Everything about The Substance is actively hostile — from the Shining-inspired hallways, to Elisabeth’s clinically white bathroom, to every single disgusting eating scene. (Fargeat seems to have an affinity for intense close-ups of open mouths chowing down on the wettest, slimiest, most unappetizing pieces of food.) It’s a movie that wants to put you on edge, that makes you squirm and cringe away, because isn’t society’s treatment of women just so awful? It literalizes every bloody pound of flesh that starlets like Elisabeth and Sue pay to stay in the spotlight, but once the shock wears off, The Substance has nothing to show behind its excessive style.
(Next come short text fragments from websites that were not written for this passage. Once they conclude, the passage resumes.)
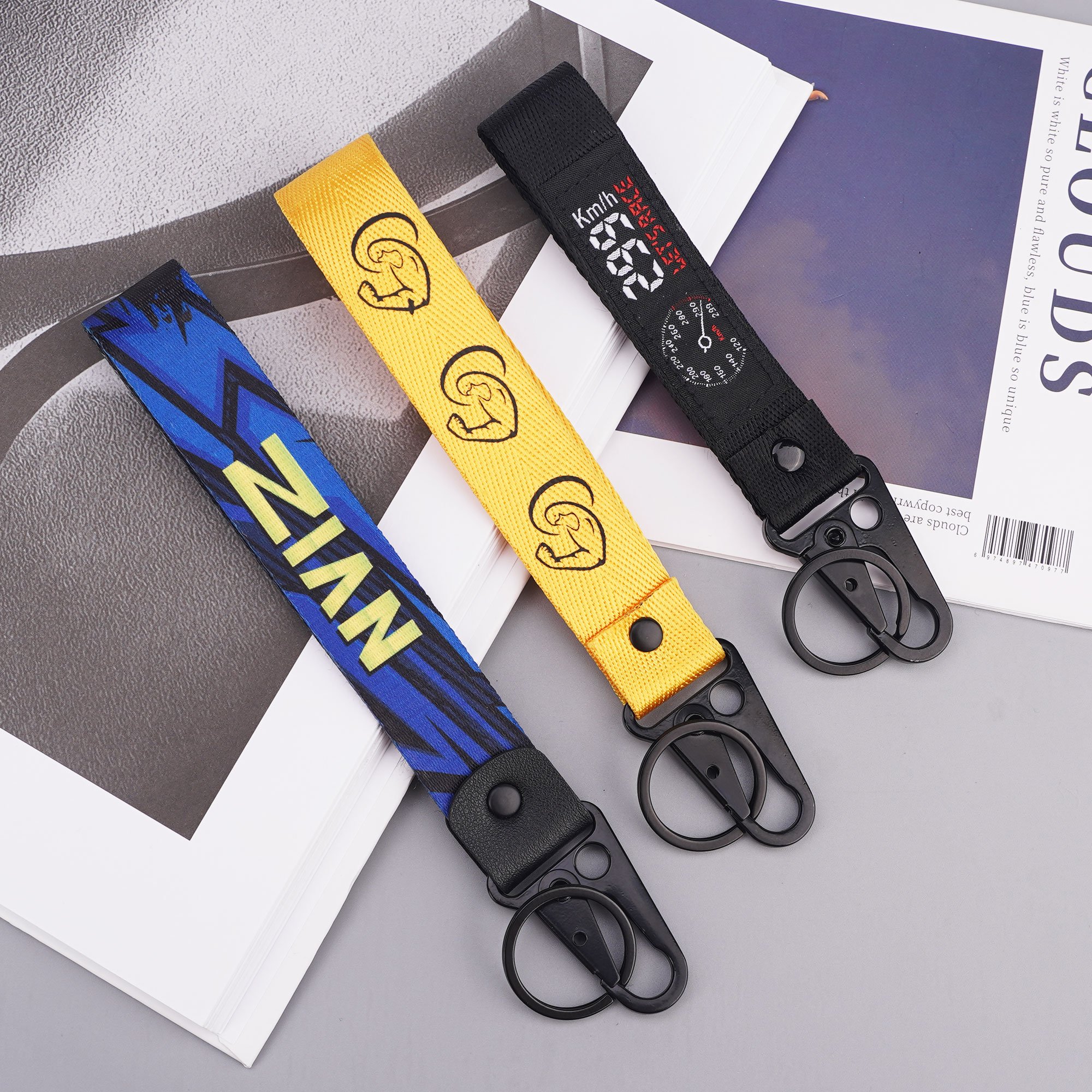 Promotional Mobile Phone Strap Printing Logo Lanyard Keychain Nylon Polyester Short Wristlet Keychain Cute Lanyard For Keys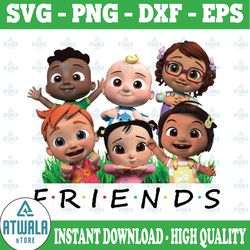 watermelon friends png file, cocomelon with friend birthday boy girl png file download, digital print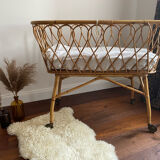 Berceau rotin vintage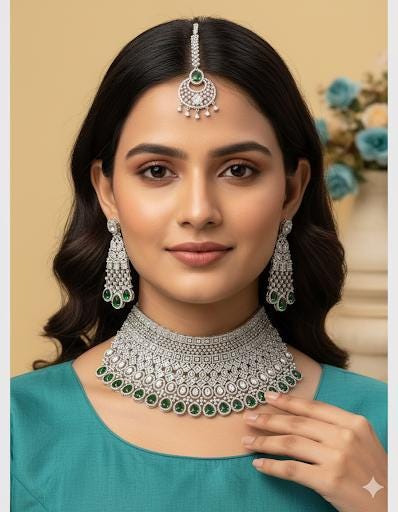 NAGHMA Emerald green Bridal Choker American Diamond necklace set Pakistani nikaah jewelry,Indian bollywood wedding jewelry with maangtika
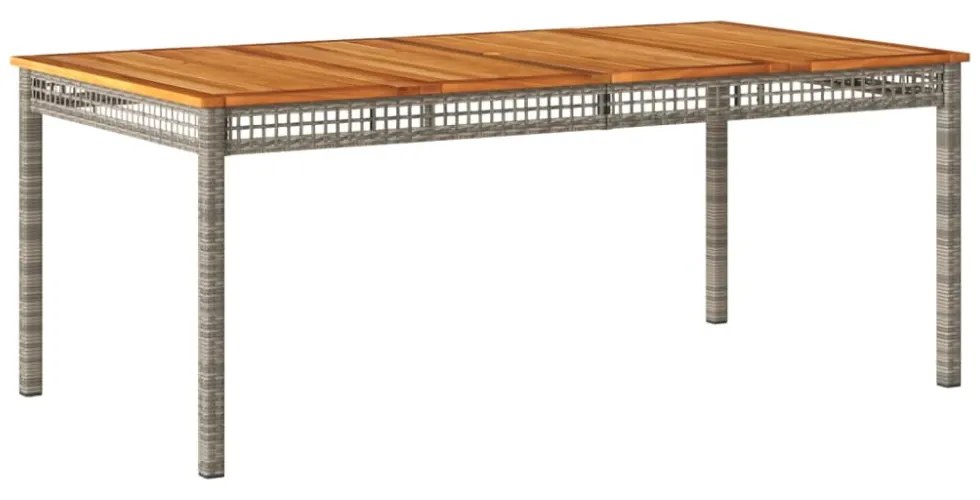 szürke polyrattan és akácfa kerti asztal 180 x 90 x 75 cm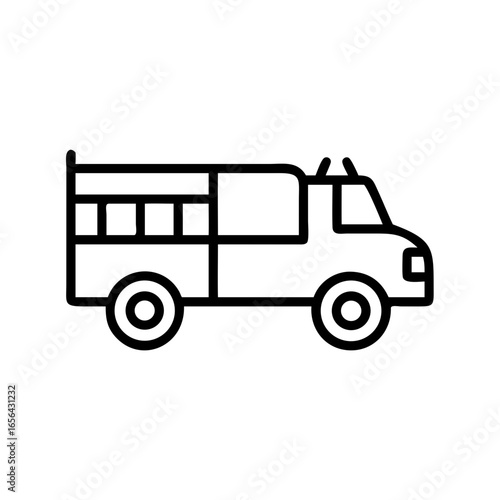 Minimalist Illustration of a Boxy Rescue Vehicle Emergency Responder Ready for Duty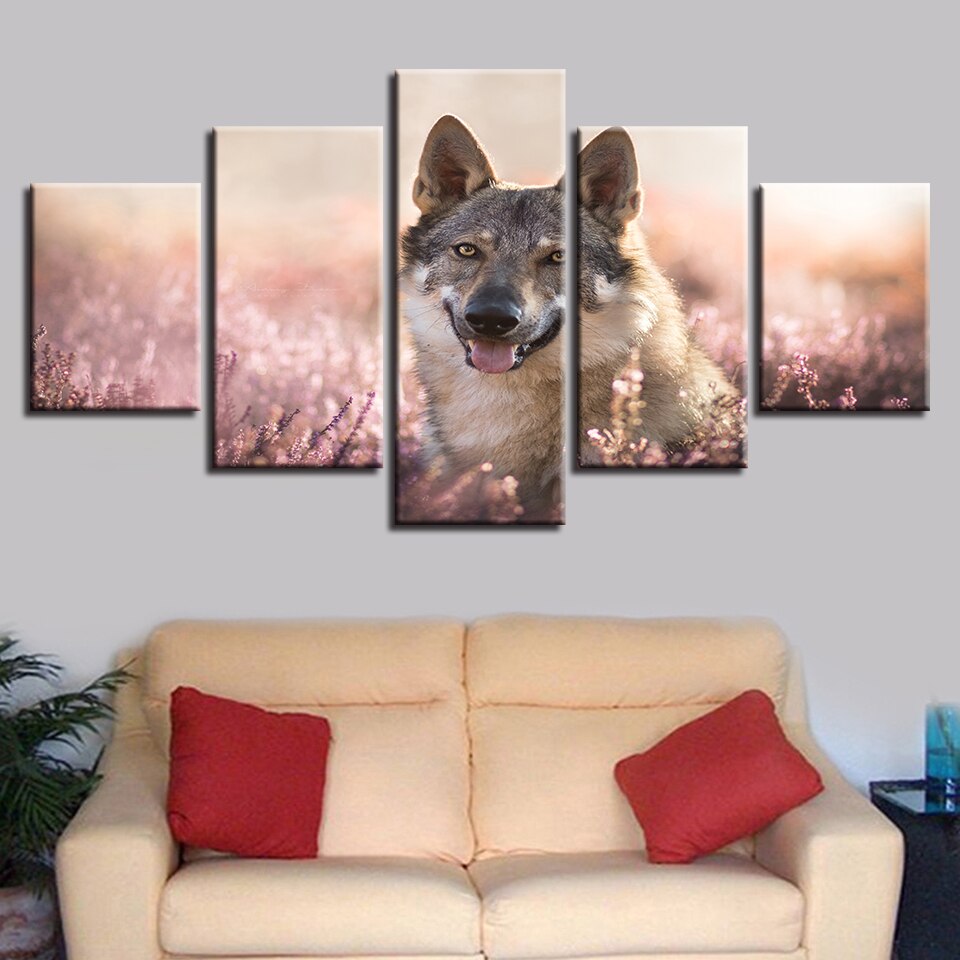 Flower Field Wolfdog - Canvas Wall Art Painting | Bowlift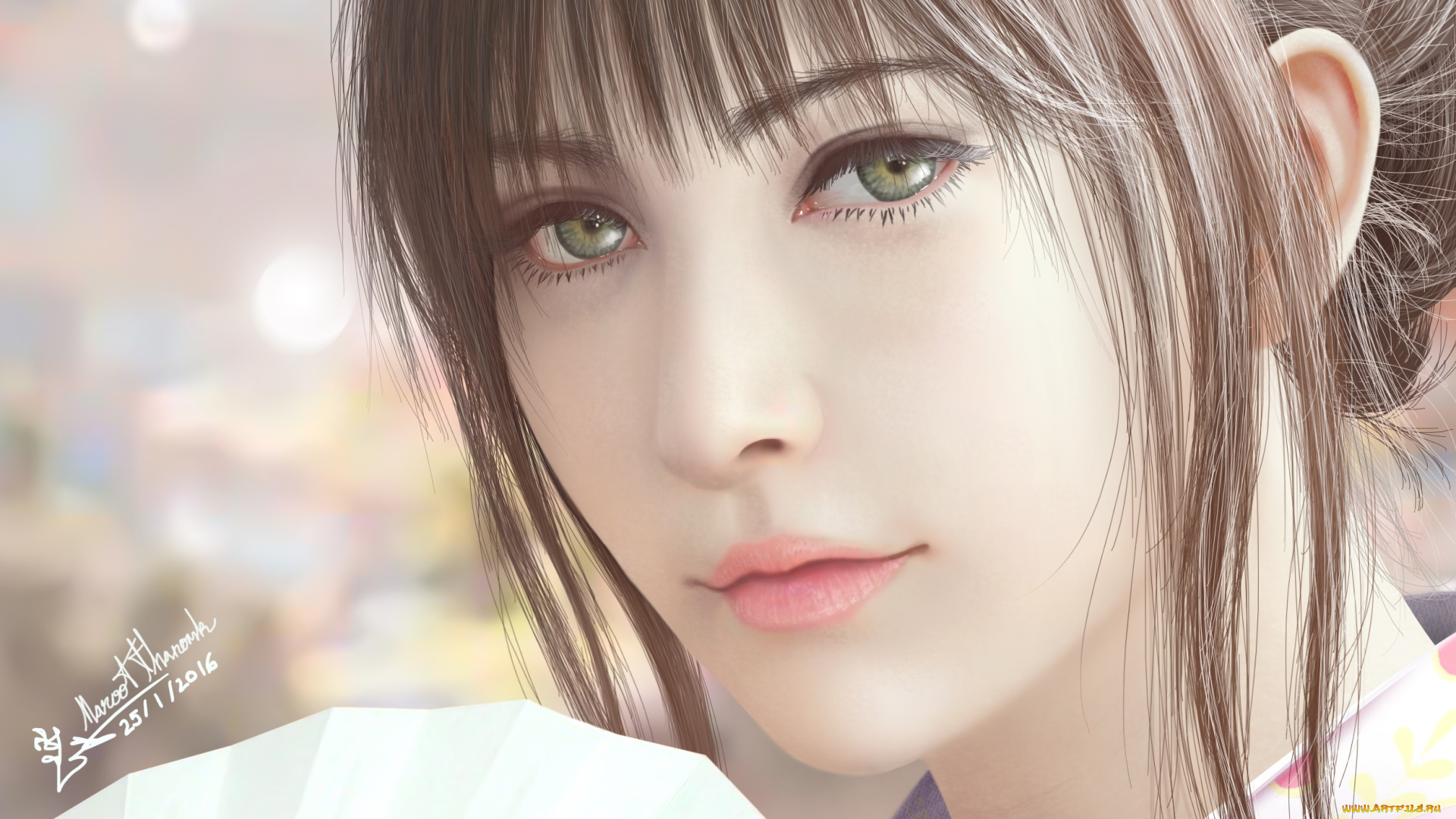 3д, графика, портрет, , portraits, взгляд, девушка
There’s no denying that Fargeat has ballsy directorial flair. The film’s garishly bright color palette complements the bizarre alternate reality where hosting an aerobics show is a one-way ticket to stardom, and where every building seems to have been built by Stanley Kubrick’s production designer. Its editing is sharp and cutting, its uncanny frames riffing on (but never quite capturing) De Palma. Fluids and oozing, bruised flesh become a gross de rigueur. And once those gaudy colors give way to obscene gore, it’s easy to get carried away with the film’s unhinged body-horror spectacle — especially the outrageously gory final act that puts Carrie’s buckets of blood to shame. The gruesome prosthetics, courtesy of makeup artist Pierre-Olivier Persin, are a particular standout for the film, and almost makes up for its wafer-thin story.

But The Substance spins its wheels for too long, treating us to montage after montage of Qualley’s ass and Moore’s freakish transformations. By the time its wildly audacious finale rolls around, and the blood and gore starts spraying, the film’s whole premise has started to feel tiresome. The Substance it turns out, needed a little more, well, substance.

The Substance premiered May 19 at the 2024 Cannes Film Festival. It does not have a U.S. release date yet.